> [Task instructions]:
Start to finish, write out the entries exactly, leaving the pictures aside.

(Web page caption snippets)
----------------------------------------
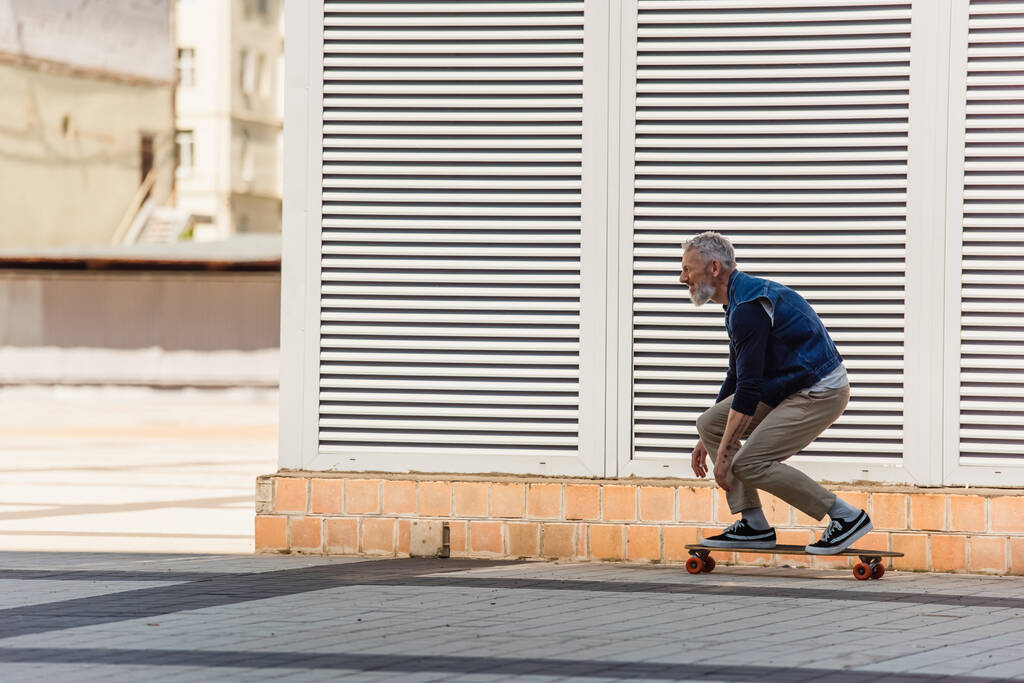 Seitenansicht eines positiven Mannes mittleren Alters, der auf einer städtischen Straße Longboard fährt - Foto, Bild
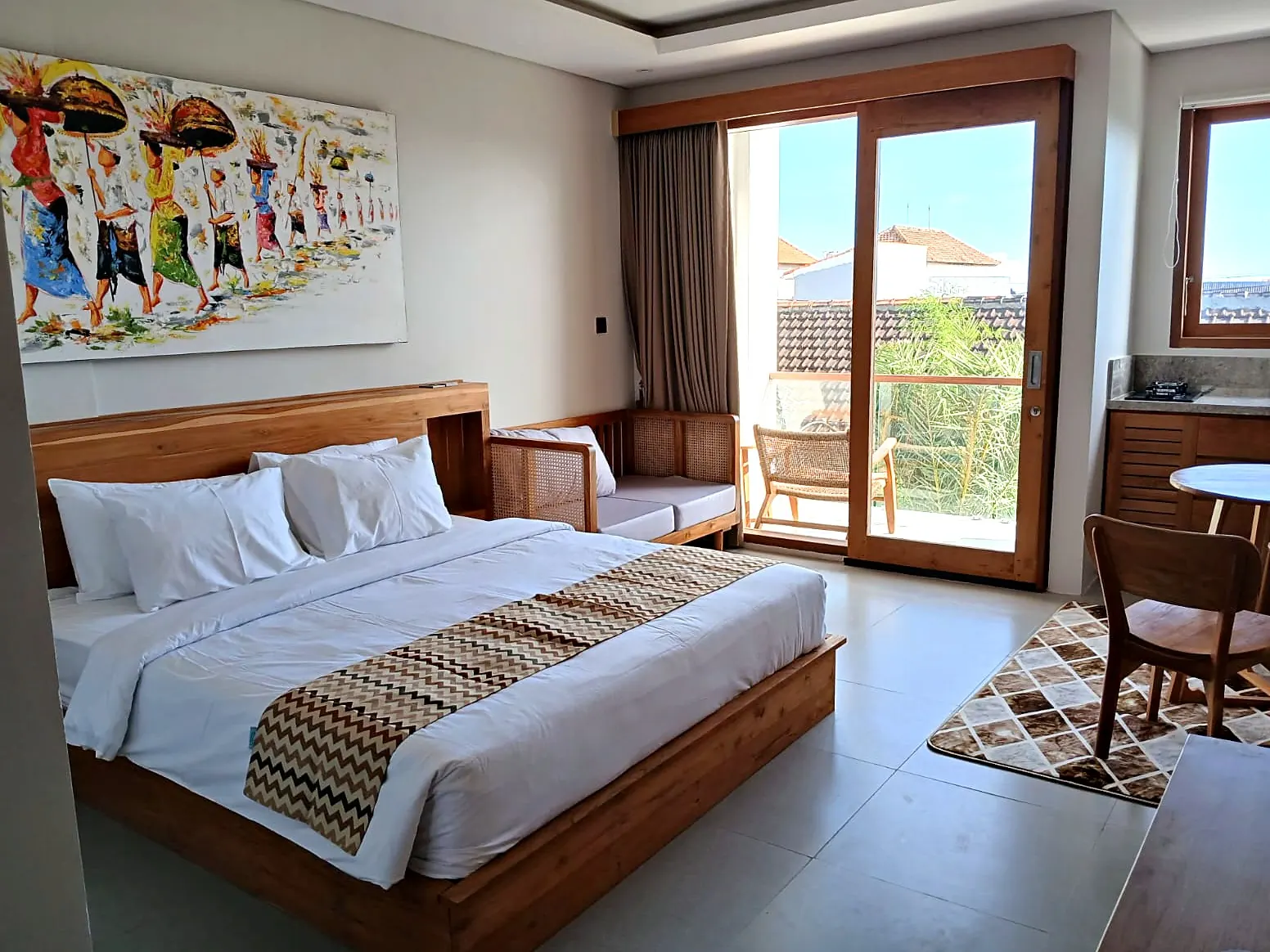 Bed with Balinese painting and balcony door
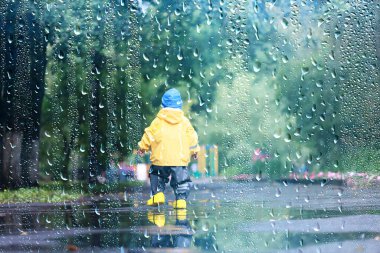 Yağmur yürüyüşü çocuk, sonbaharda parkta yağmur damlaları ve su birikintileri çocuk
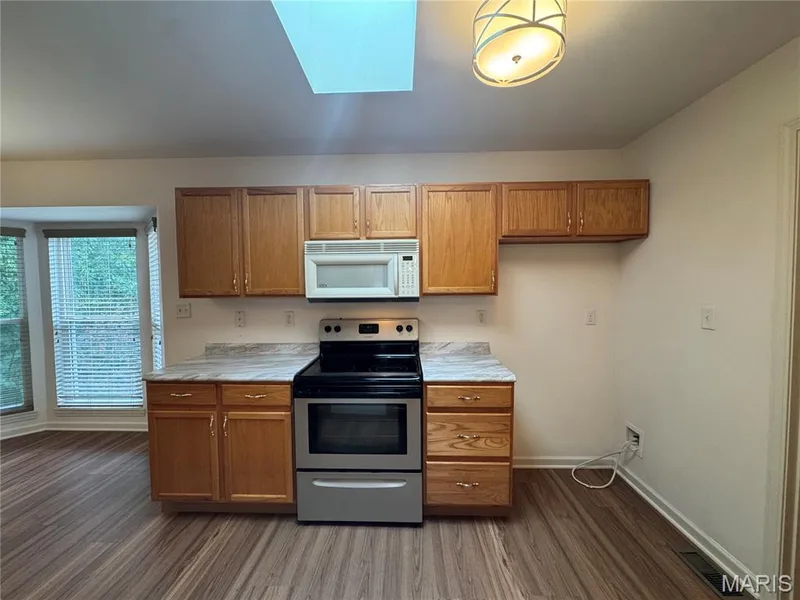 Another view of the kitchen with skylight! — 32 Austin Hill Court, Wentzville, MO 63385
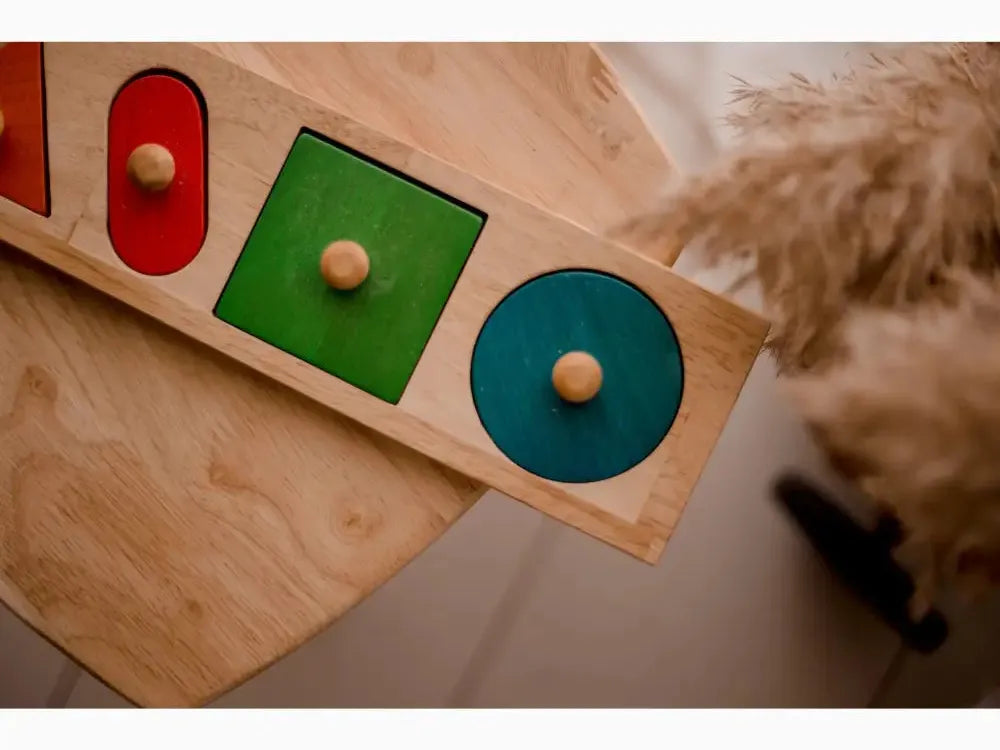 Wooden shape sorter toy with colorful geometric cutouts and round pegs.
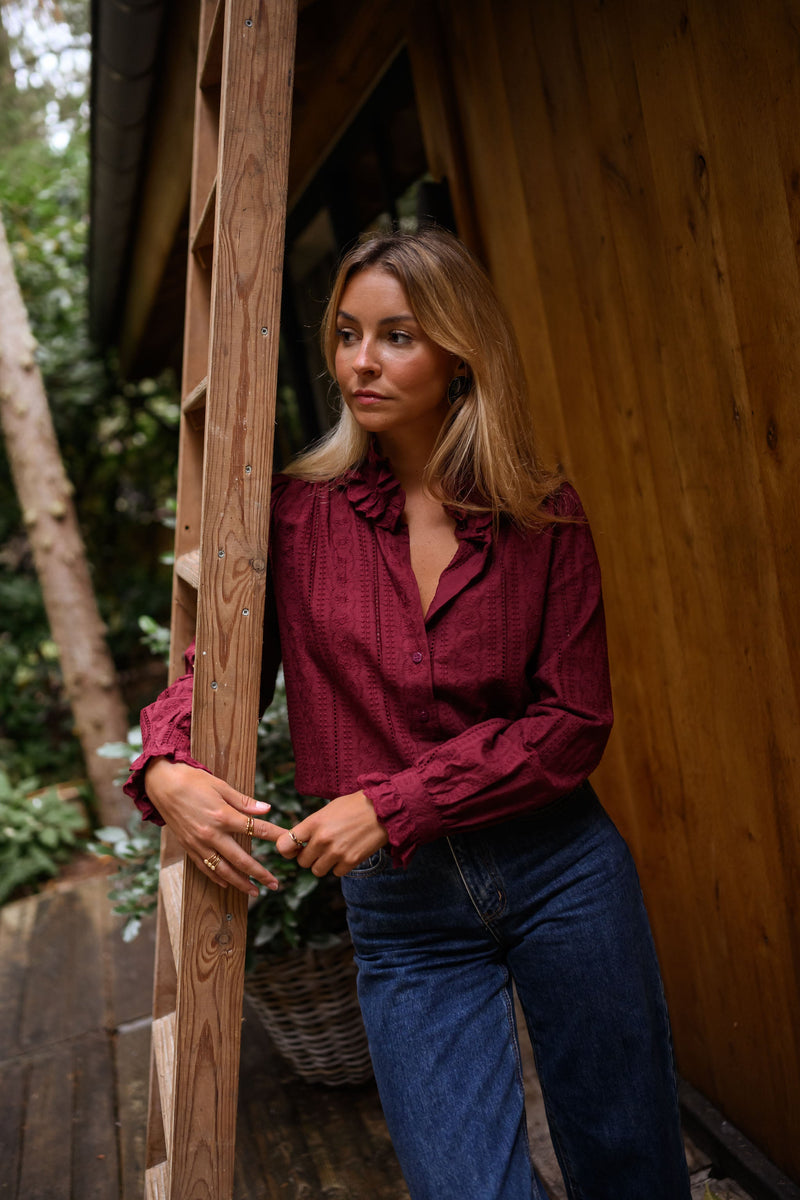 Blouse brodée à col volanté bordeaux portée par une femme, vue de face, poteau en bois, jean bleu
----------------------------------------
> [Response below]:
 Seitenansicht eines positiven Mannes mittleren Alters, der auf einer städtischen Straße Longboard fährt - Foto, Bild
 Bed with Balinese painting and balcony door
 Yağmur yürüyüşü çocuk, sonbaharda parkta yağmur damlaları ve su birikintileri çocuk
 Another view of the kitchen with skylight! — 32 Austin Hill Court, Wentzville, MO 63385
 Wooden shape sorter toy with colorful geometric cutouts and round pegs.
 Blouse brodée à col volanté bordeaux portée par une femme, vue de face, poteau en bois, jean bleu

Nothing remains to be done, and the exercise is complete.